**Task requirements:**
From the first line of the entries below through the line holding "Аристократический пикник: YOOX", write out every line exactly, please, and leave out the pictures.

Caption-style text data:
──────
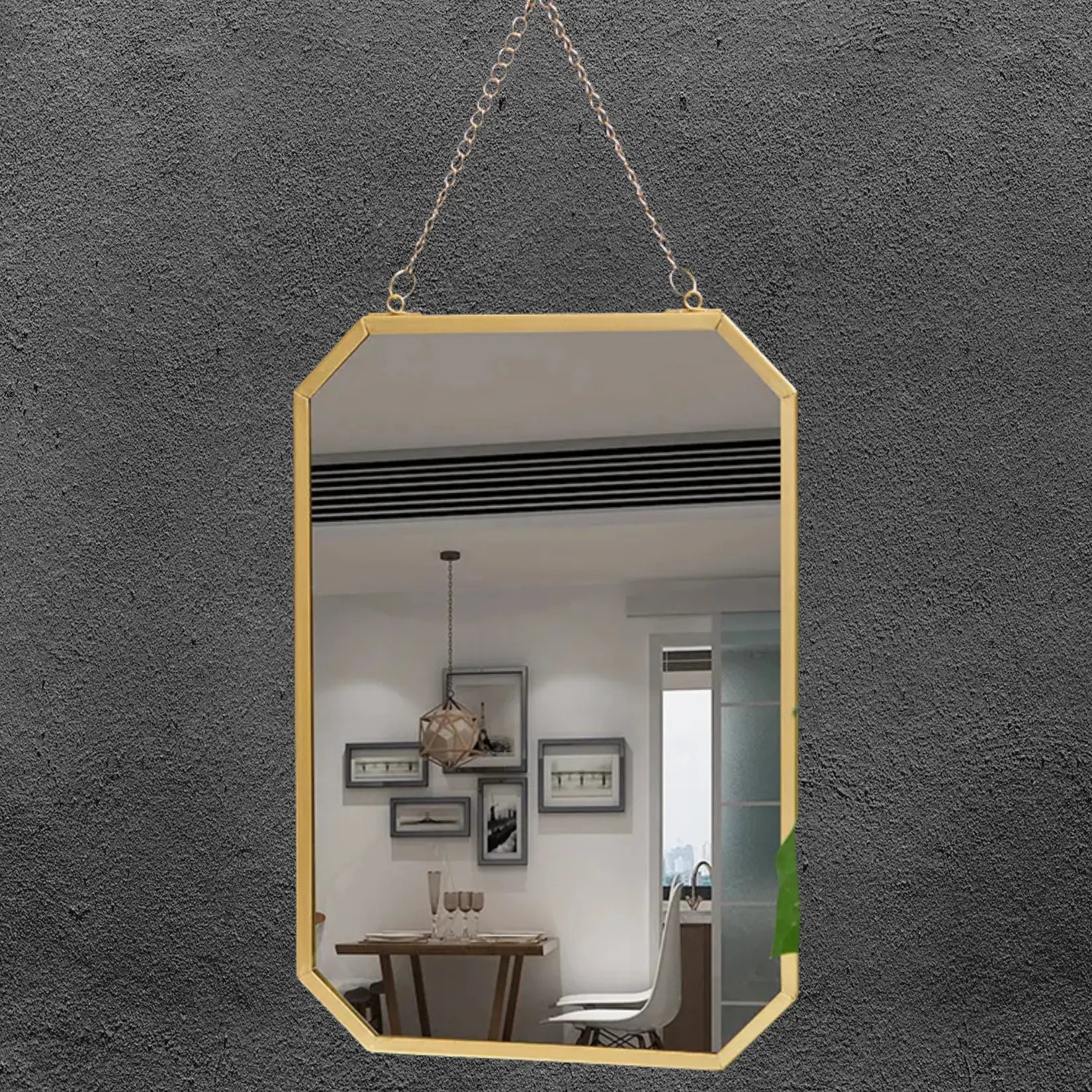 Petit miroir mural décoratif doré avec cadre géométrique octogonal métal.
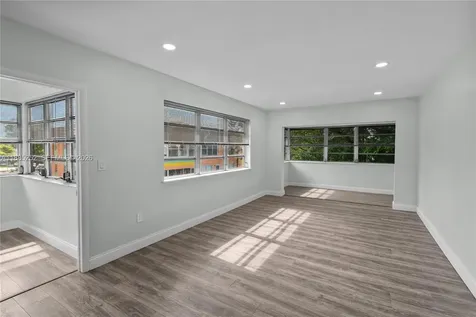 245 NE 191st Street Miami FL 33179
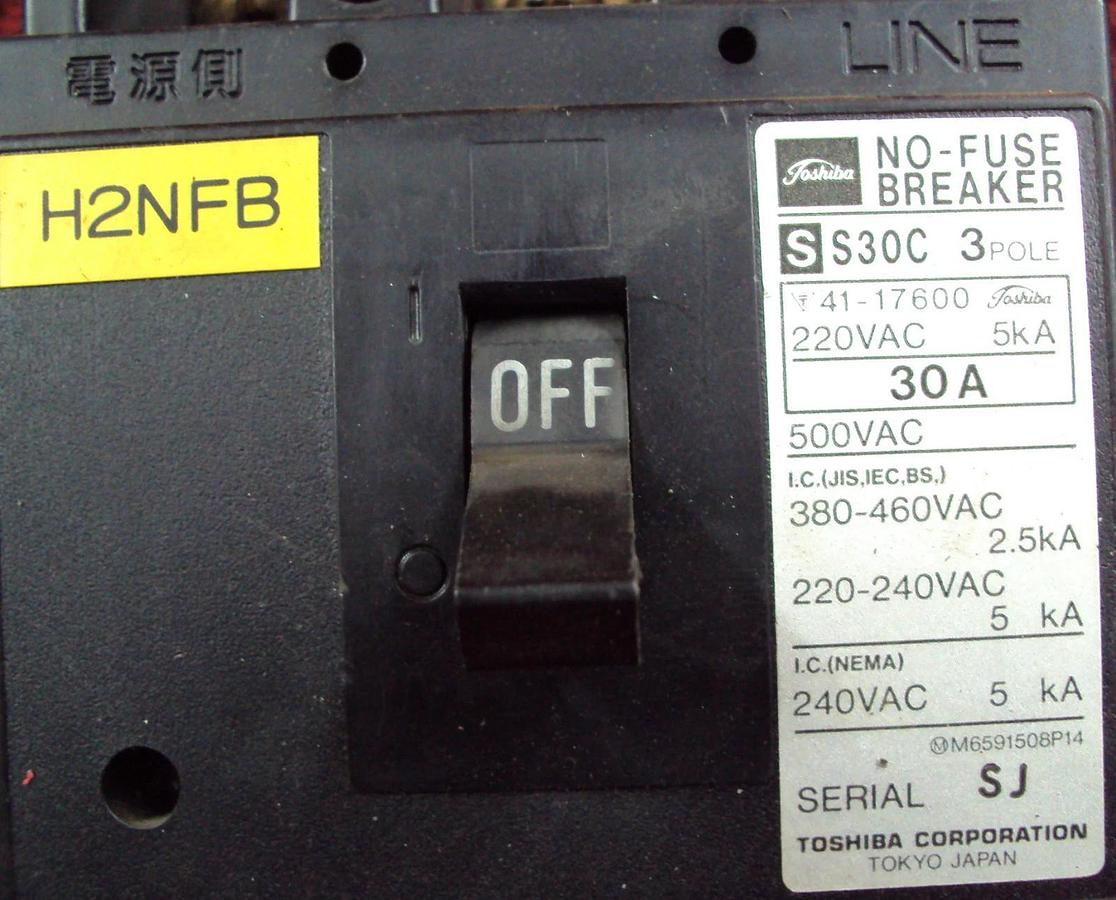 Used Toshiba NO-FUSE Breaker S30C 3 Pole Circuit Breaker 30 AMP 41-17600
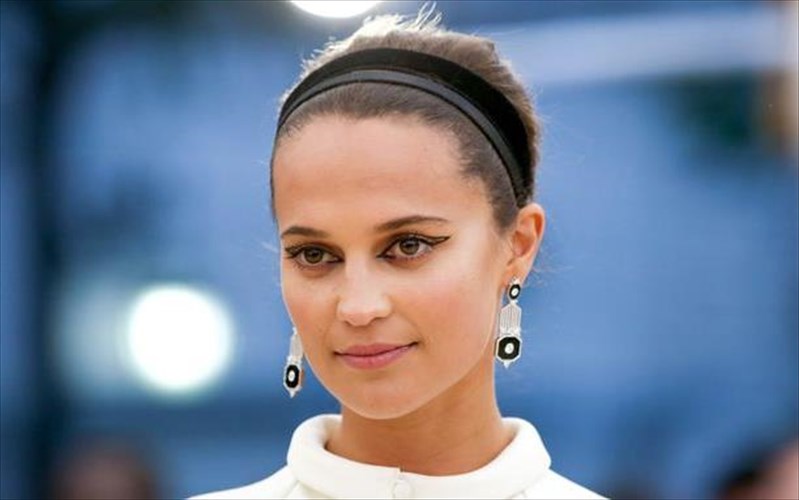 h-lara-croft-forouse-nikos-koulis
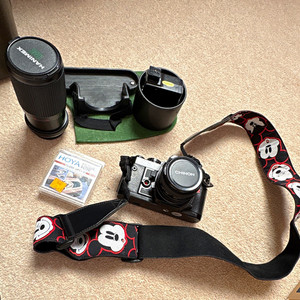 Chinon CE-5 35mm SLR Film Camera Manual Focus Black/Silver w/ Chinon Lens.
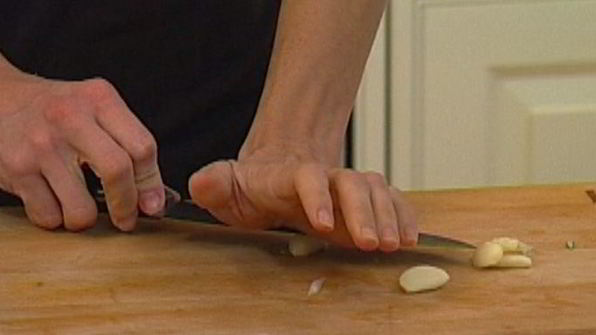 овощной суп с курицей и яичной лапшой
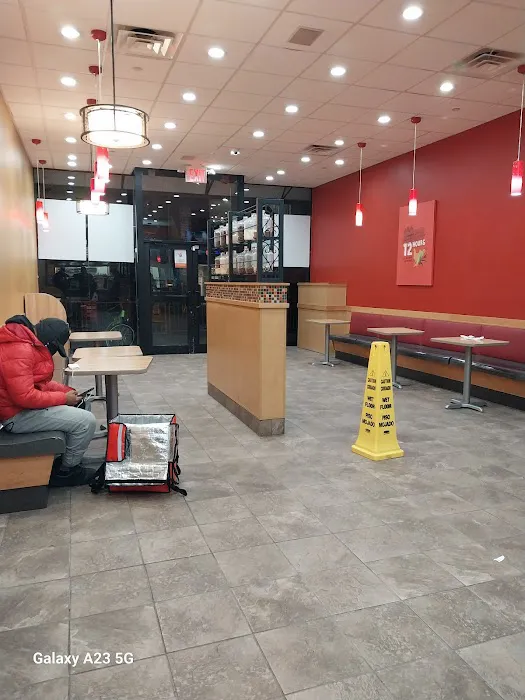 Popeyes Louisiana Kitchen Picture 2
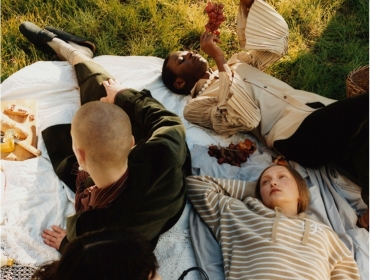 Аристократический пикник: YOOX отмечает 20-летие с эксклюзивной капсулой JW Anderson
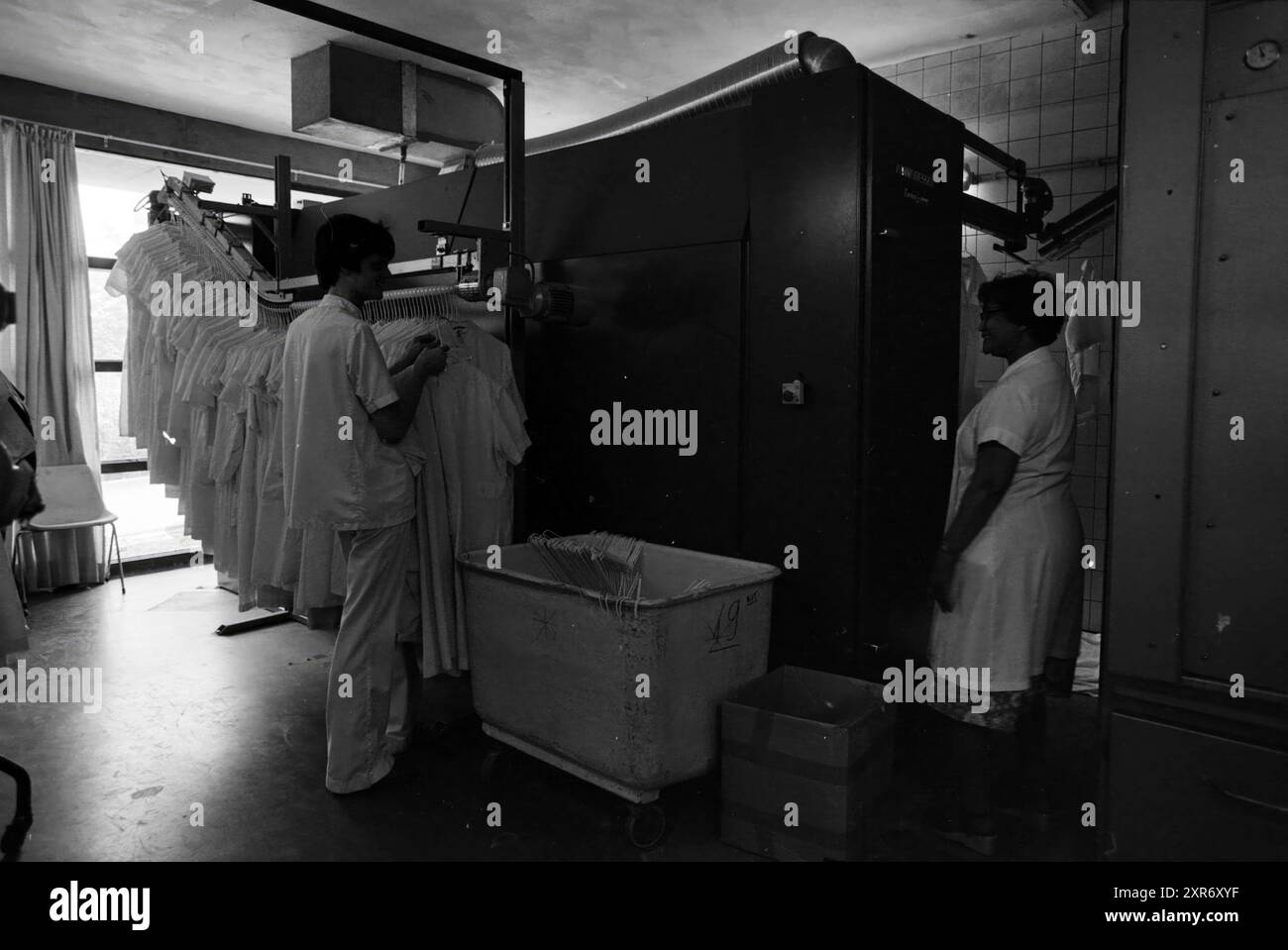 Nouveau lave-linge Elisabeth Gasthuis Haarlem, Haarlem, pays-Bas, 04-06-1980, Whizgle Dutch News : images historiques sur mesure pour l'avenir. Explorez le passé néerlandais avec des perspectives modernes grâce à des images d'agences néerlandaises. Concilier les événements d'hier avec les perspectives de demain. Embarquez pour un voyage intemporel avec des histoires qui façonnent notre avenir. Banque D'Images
──────
**Result for this exercise:**
 Petit miroir mural décoratif doré avec cadre géométrique octogonal métal.
 245 NE 191st Street Miami FL 33179
 Used Toshiba NO-FUSE Breaker S30C 3 Pole Circuit Breaker 30 AMP 41-17600
 h-lara-croft-forouse-nikos-koulis
 Chinon CE-5 35mm SLR Film Camera Manual Focus Black/Silver w/ Chinon Lens.
 овощной суп с курицей и яичной лапшой
 Popeyes Louisiana Kitchen Picture 2
 Аристократический пикник: YOOX отмечает 20-летие с эксклюзивной капсулой JW Anderson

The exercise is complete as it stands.